Lord Lambert. It is plainly and truly told you from the
bar, that you must transact with this House. If this be the
argument, there is no answering of it. You can make no
laws without them. You cannot bound them. They already
know their bounds.
If it be said you can neither bar nor bound, till you transact with them; if I might advise you, I would have some
previous vote to assert your own privileges, and what is the
right of this House. You may then easier assert the Protector's and the other House's rights.
Colonel Bennet. A good inclination appeared in the noble
person that spoke last. He is willing that all things may be
brought to a right end, as to the preserving the liberties of
this House. He offered you some previous vote.
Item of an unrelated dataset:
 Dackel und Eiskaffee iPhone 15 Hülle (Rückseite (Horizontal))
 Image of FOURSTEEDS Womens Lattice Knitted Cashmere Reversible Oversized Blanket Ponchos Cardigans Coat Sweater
As the
people's temper or distemper is for no other way of settlement,
but by a single person and another House, the question is,
how we shall do this, and preserve and secure our own rights
I shall conclude with that gentleman, if it be a duty that
we must restore the old Peers, let us do it. The generality
of the House stand obliged in conscience to the contrary.
This point of prescription hath been so interrupted in all
ages that it has no foot to stand upon as to that. Long after
the Conquest, the great assemblies with the Prince, were but
in one House. (fn. 17) The armory of the gentry did not descend
hereditarily till after the Conquest. It became hereditary
then, non sic ab initio.
This House is anciently the Parliament of England. The
Peers have no such right. If it be not for the common good,
no right can be pretended. The prelates (bishops, I cannot
call them, it is a good name,) they had a right; the Court
of Wards the like. They were jus sine jure. Hereditary,
legislature has been destructive to the people of the nation.
If a posterity of ruined gentry and ruined nobility shall
have it put in their hands to make a price of the Commons,
and for a time have a party of the Commons to back them,
it is as great a temptation as ever Achish, King of Gath, had.
There were hereditary officers in the nation; those were
thought to be dangerous; hereditary sheriffwicks. Those
arguments as to persons bind throughout; and bring Charles
Stuart in manifestly, and with open face, not in at the back
There are not two in this House, I believe, against another
House; but I am not absolved of that oath against a House
of Lords. I believe others are so. Let us lay aside what
cannot be taken up without peril, and take up that which
may come to the best settlement for the present, and for our
children. I am for a government with defects rather than
for none at all.
Why may not some preliminary votes be made, to preserve
our rights ? I cannot say the Petition and Advice is not a
law. The law of nature bids us own the possessory power.
Secure these things, let gentlemen propose them. I am for
Mr. Steward. I understand not how this right of restitution (fn. 18) comes before you. They do not complain to you. It
is not judicially before you. Admit you be obliged to do
them right, you must give them their ancient rights, else it
will be no more than Naboth might have had for his vineyard, "a better vineyard." (fn. 19) If they submit to those bounds,
they that were a co-ordinate power with you, are now a subordinate. The next House of Commons may bound them.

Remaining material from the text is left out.